SACRAMENTO -- State lawmakers on Wednesday ordered a formal audit of the troubled Employment Development Department and how it may have botched the handling of thousands of unemployment insurance claims.

By a unanimous vote, a legislative committee directed the state auditor to find out the reasons that administrative judges are overturning more than half of EDD caseworkers' initial denials of claims.

In a separate vote, the Assembly-Senate Joint Legislative Audit Committee told State Auditor Elaine Howle to make the audit -- requested by Assembly Insurance Committee Chairman Henry T. Perea, D-Fresno -- a top priority.

"When over half of unemployment insurance claimants who appeal their EDD decision win their cases, there is clearly a breakdown in the system," he said after the vote.

EDD spokeswoman Patti Roberts said the agency "understands the reason for this audit and is supportive of finding ways to avoid any unnecessary appeals that may delay benefits to our customers."

Howle estimated that her audit would cost $222,360 plus travel and administrative expenses.

The high rate of denials is the latest of the agency's problems highlighted in a series of stories in The Los Angeles Times. Other problems have included a phone system so overloaded that up to 90 percent of all incoming calls go unanswered. The agency also is struggling to overcome the continuing effects of a massive computer glitch in September that delayed payments to as many as 150,000 people.
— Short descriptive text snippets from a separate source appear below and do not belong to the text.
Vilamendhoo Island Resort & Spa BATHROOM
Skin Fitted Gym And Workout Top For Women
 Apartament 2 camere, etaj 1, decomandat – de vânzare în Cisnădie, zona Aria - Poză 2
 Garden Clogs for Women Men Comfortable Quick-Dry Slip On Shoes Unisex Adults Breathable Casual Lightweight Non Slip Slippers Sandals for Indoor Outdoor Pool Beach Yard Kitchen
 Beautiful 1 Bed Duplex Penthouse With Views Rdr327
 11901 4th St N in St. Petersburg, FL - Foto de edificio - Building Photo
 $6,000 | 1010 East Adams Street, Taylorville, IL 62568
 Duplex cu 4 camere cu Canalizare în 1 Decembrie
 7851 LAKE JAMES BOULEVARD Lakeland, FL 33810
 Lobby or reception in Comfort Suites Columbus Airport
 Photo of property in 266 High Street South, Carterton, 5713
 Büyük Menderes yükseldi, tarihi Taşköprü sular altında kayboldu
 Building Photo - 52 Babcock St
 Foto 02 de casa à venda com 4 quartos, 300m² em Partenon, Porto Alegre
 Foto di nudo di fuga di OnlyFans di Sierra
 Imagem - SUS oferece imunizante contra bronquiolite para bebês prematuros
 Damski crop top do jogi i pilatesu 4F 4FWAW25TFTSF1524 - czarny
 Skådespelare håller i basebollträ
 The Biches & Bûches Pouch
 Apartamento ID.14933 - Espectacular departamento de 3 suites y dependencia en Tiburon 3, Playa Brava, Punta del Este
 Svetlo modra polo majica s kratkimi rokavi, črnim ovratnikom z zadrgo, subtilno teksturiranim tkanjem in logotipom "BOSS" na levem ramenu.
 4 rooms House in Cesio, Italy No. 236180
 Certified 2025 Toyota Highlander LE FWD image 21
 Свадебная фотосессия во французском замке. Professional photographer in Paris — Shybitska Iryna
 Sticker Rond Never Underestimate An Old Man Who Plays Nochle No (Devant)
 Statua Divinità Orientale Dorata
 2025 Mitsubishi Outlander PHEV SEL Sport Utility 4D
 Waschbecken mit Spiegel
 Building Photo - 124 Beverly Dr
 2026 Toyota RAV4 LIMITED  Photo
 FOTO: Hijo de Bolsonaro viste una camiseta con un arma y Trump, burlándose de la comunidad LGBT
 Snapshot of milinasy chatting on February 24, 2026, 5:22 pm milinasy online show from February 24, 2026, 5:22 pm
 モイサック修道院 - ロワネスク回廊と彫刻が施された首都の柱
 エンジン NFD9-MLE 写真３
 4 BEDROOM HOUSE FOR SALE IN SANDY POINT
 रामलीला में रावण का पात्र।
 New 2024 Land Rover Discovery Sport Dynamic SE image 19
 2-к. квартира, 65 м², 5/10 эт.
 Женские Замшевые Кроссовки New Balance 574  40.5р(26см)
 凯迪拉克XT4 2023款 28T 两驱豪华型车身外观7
Perea's insurance committee in November held oversight hearings into the meltdown at EDD. He followed up with a Jan. 27 request to the Joint Legislative Audit Committee asking for a detailed probe into the "specific EDD policies and practices" that "generate claims decisions that are consistently overturned."

The audit follows an announcement last month that the administration of Gov. Jerry Brown is committed to a sweeping overhaul of the unemployment insurance system.

David Lanier, the governor's secretary of labor and workforce development, decried the agency's "unacceptable levels of payment delays and unanswered phone calls" and announced an initiative that he said is aimed at boosting services.